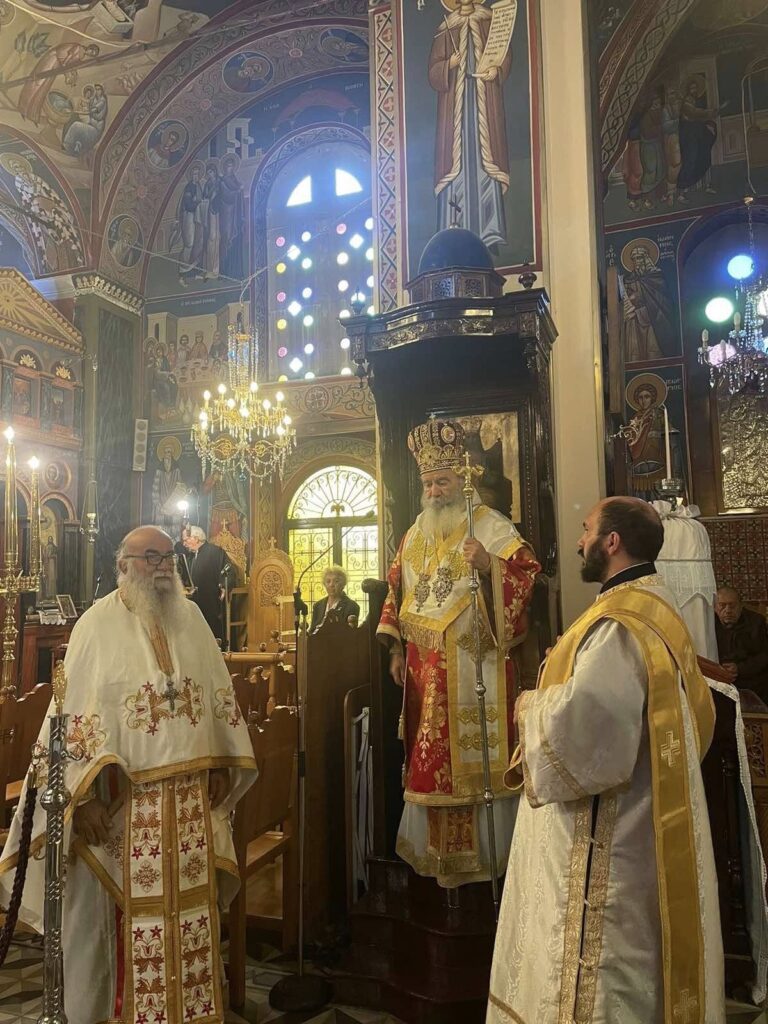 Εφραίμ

═══

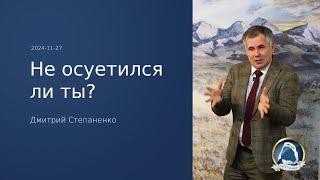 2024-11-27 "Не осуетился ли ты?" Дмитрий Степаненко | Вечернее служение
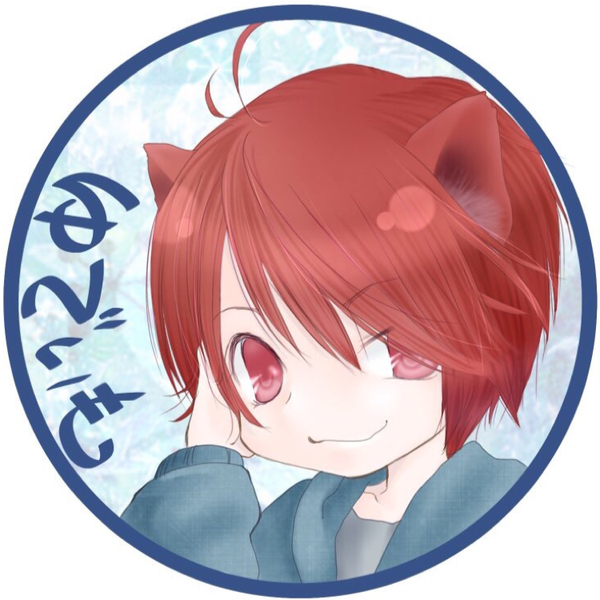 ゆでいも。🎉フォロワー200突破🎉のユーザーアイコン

═══

*EXERCISE DESCRIPTION*: In the listing above, find the line containing "Степаненко | Вечернее служение". Output it and every line after it up to and including the line containing "ゆでいも。🎉フォロワー200突破🎉のユーザーアイコン", exactly, but skip the pictures.

*SOLUTION FOR THIS EXERCISE*:
 2024-11-27 "Не осуетился ли ты?" Дмитрий Степаненко | Вечернее служение
 ゆでいも。🎉フォロワー200突破🎉のユーザーアイコン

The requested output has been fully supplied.